First, buy-sell provisions that provide for minority owners to receive low-ball valuations at the time they exit the business are far more likely to lead to litigation with departing investors.  Low ball valuations are those that limit the departing investors to receiving book value rather than market value for their interest.  Nevertheless majority owners certainly have the right to provide a book value exit price to minority investors, and if they do so, the buy-sell agreement should spell this out clearly and explicitly to demonstrate that the minority made an informed choice in accepting this valuation. 

Second, private companies often have significant cash flow and liquidity issues.  Therefore, it is generally advisable to require that any buyout of a departing investor’s interest by the company be paid to the investor over some extended period of time rather than on a cash upfront basis.

Third, there are many different formulas for valuing a minority ownership interest in a privately held business.  One of the critical valuation issues is whether the minority interest will be subject to discounts for lack of marketability and lack of control.  Any valuation formula should therefore state expressly whether these “minority discounts” will be applied in the valuation process or whether the minority investor will, instead, receive an enterprise or fair value that is not subject to discounts.

Fourth, given that valuation is so central to the buy-sell provision, the parties should also consider whether they want to require that any dispute about valuation be subject to arbitration.  The parties can specify that the arbitration hearing take place promptly (within 90 days or less), which will permit them to secure a prompt, final resolution of the valuation dispute that avoids a drawn out, public court battle.

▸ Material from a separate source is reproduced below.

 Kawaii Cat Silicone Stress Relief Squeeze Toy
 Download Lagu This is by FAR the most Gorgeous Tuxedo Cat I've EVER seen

The corporate pre-nup is a critical provision that both entrepreneurs and investors should put in place to provide for an exit strategy when the business is formed or when an investment is made.  This type of business planning provide all stakeholders with greater certainty and helps to avoid or lessens future ownership conflicts.


[1] Charles W. Murdock, The Evolution of Effective Remedies for Minority Shareholders and Its Impact Upon Valuation of Minority Shares, 65 NOTRE DAME L.REV. 425, 425 (1990).